I use valgrind and tau. But for heavily templated code like stan it’s worth to examine instantiation as well. For that we can try templight. Valgrind/Cachegrind/callgrind is the most accurate with multi-threading run but comes with a price of significant slowing-down.

For MPI run, in addition to end-to-end test, we need break it down the profiling into computing and communication. tau can examine both.

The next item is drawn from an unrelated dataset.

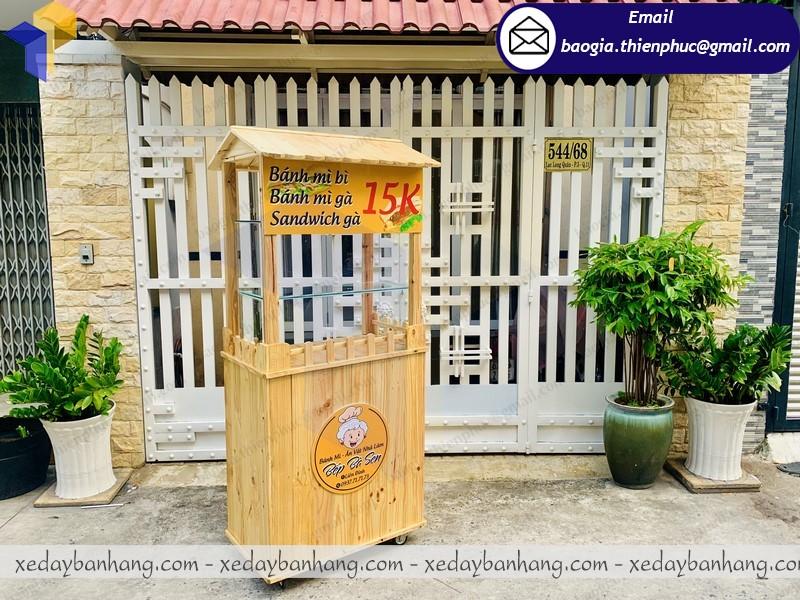 tủ gỗ bán bánh mì di động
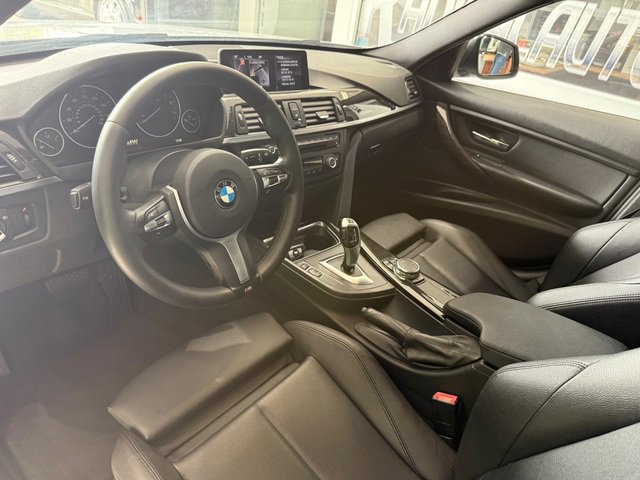 Used 2015 BMW 320i Sedan RWD image 4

I heard gperftools is much faster than valgrind but less accurate.

1 Like

gperftools worked nicely for me before on some pretty low level Stan stuff: Adjoint sensitivities & Adjoint sensitivities (those are two different links – Discourse is automatically squishing them). Dunno about automated perf tests though.

1 Like

Regardless of profiler used, a lot of the time it’s easier to manually go through debug build to see where the code moves slowly. Then turn on -O3 after fixing the suspects.

1 Like

I used Xcode’s Instruments extensively when developing Nomad. Instruments has some super slick UI features, like mapping C++ to the corresponding machine instructions and runtime percentage, access to CPU diagnostic buffers, etc that were extremely useful. That said, as with many performance tools heavily inlined code can be hard to analyze.

2 Likes

I’ve only profiled on a Mac using Instruments. Unfortunately, the Time Profiler functionality of Instruments wasn’t actually something that provided useful results for profiling. If I recall, it would indicate that a large percentage of time was spent in the error checking functions. (When @bgoodri ran gdb, I believe he also saw similar results.) When running code that doesn’t have the debug instructions, it isn’t really where the time is being spent.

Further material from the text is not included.